Inaugural Asteroid Day kicks off with a petition

An artist's conception of an asteroid smashing into a proto-planet. The image is based on data collected by NASA's Spitzer's Space Telescope about an explosion near star NGC 2547-1D8 in August 2012-2013. The collision took place in the zone around the star where rocky planets are likely to form.

A petition calling for more resources to track potentially deadly asteroids was signed by eminent scientists, artists and musicians to mark the first Asteroid Day (June 30).

The petition calls for "a rapid 100-fold acceleration of the discovery and tracking of near-Earth asteroids to 100,000 per year within the next 10 years".
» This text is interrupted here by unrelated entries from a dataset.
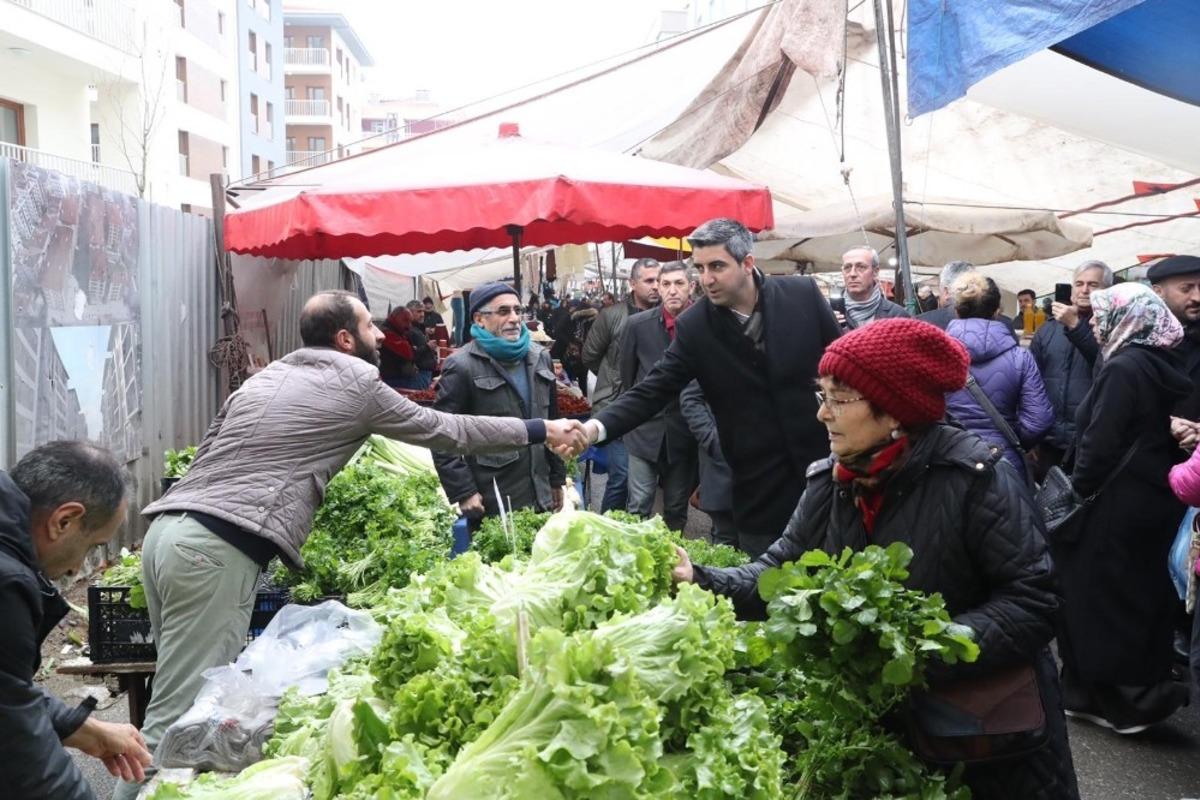 Başkan G&ouml;khan Y&uuml;ksel, Orhantepe semt pazarını ziyaret etti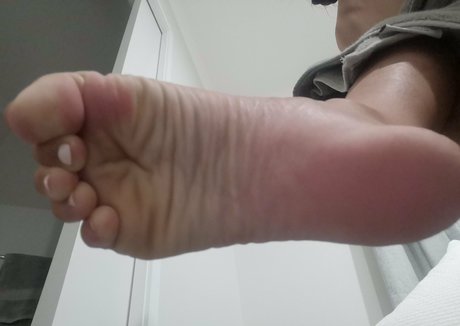 Foto desnuda filtrada de OnlyFans de Sweetfeetnz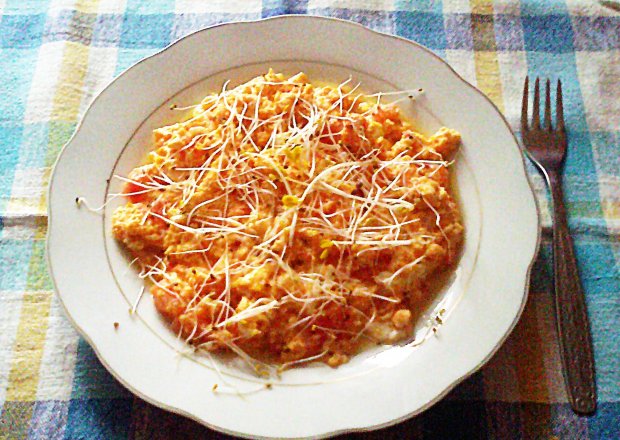 Fotografia przedstawiająca Pomidorowa jajecznica z kiełkami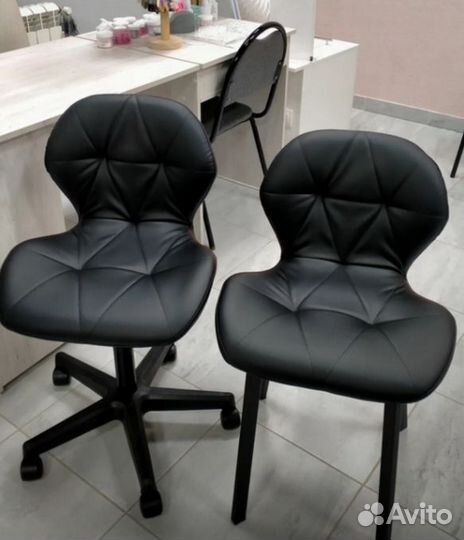 Стул для мастера маникюра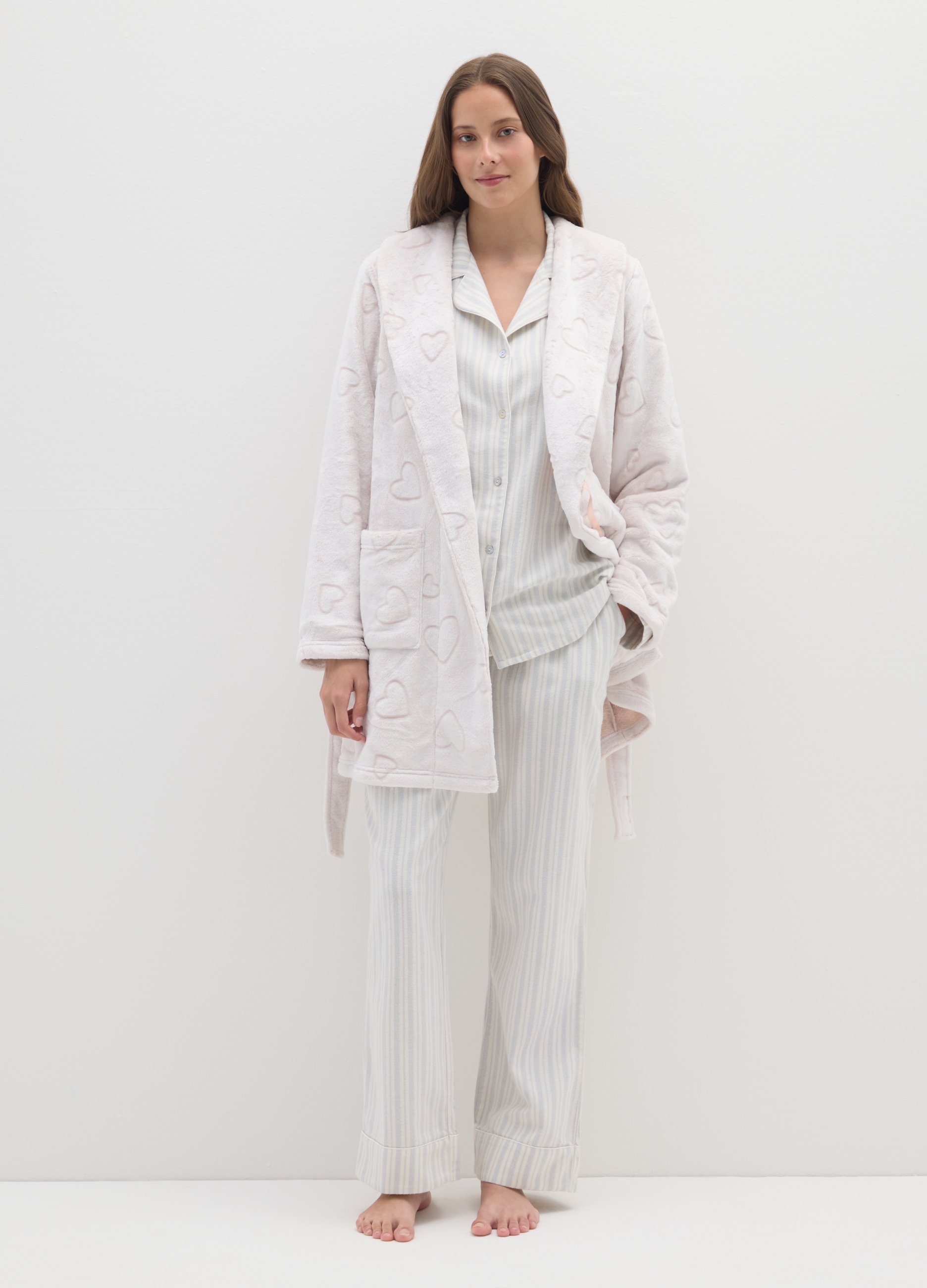 OVS, Bata Blanca Con Bolsillos Y Corazones, Mujer, Blanco óptico, Talla: S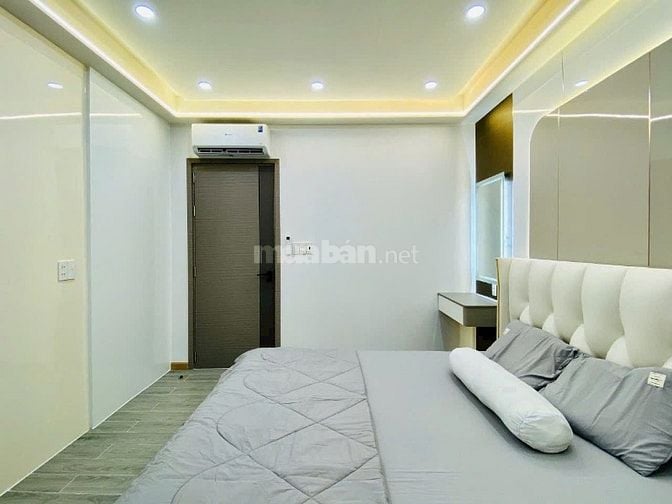 Nhà Sân Vườn 2Tầng 8x9,8(90m2) Hẻm 3m Thích Quảng Đức - Hoàng Hoa Thám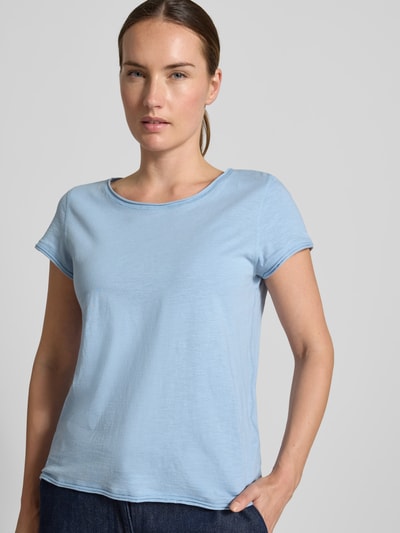 Vrouwenmodel draagt lichtblauw Regular Fit T-shirt uit puur katoen van s.Oliver RED LABEL, eenvoudige structuur, close-up bovenlichaam.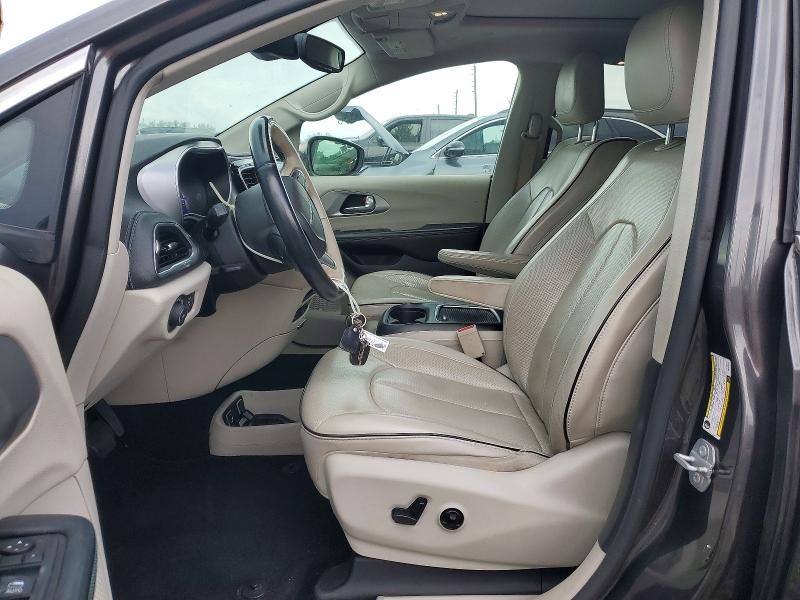 Photo 7 from auction – 2018 CHRYSLER PACIFICA with VIN 2C4RC1N72JR159166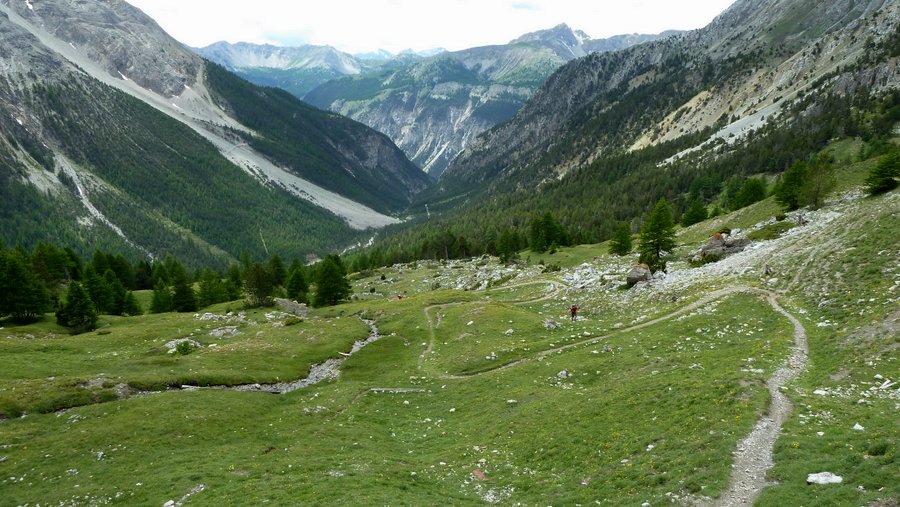 Final portage : Bientôt sommet, c'est dré dans le pentu des Acles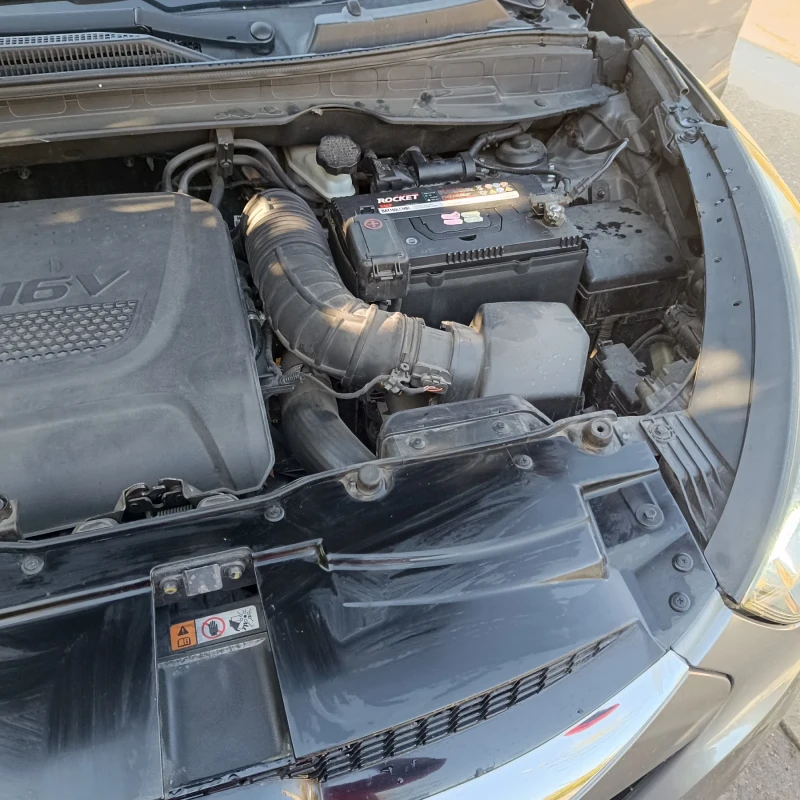 Hyundai IX35, снимка 3 - Автомобили и джипове - 52310905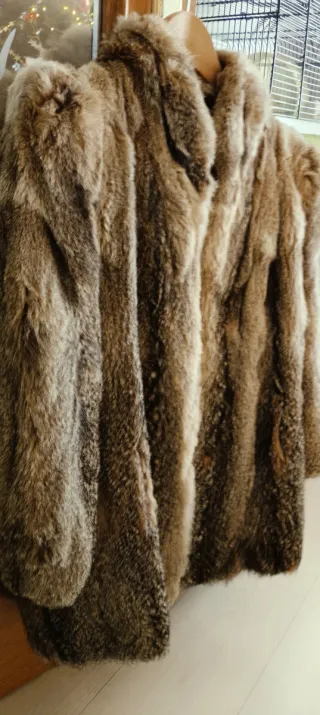 Chaquetón de piel de zorro marrón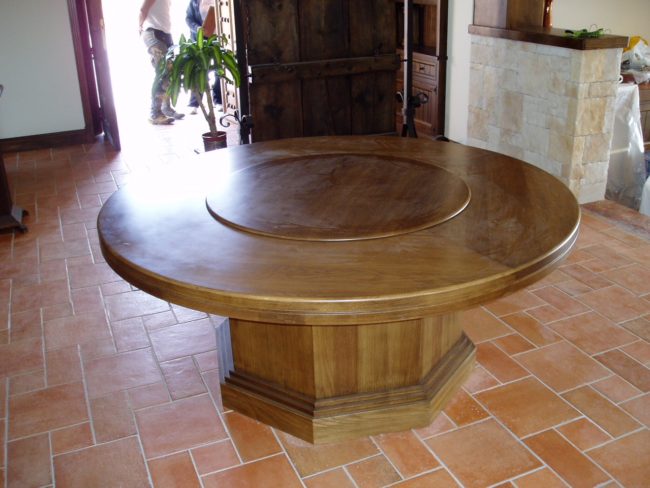 mesa de madera circular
It says that of the million asteroids in our Solar System that have the potential to destroy a city only 10,000 (or 1%) have been identified. Asteroid Day was launched last year by Queen guitarist and astrophysicist Brian May and filmmaker Grigorii Richters.

The day marks the anniversary of the largest asteroid strike in recent times, the Tunguska event in Siberia, 1908, when 2,000 square klometres of conifer forest was flattened by a 40-metre rock that exploded in the atmosphere.

Eminent signatories of the petition include Peter Gabriel, Richard Dawkins, Brian Cox and Eileen Collins, the first female commander of NASA's space shuttle.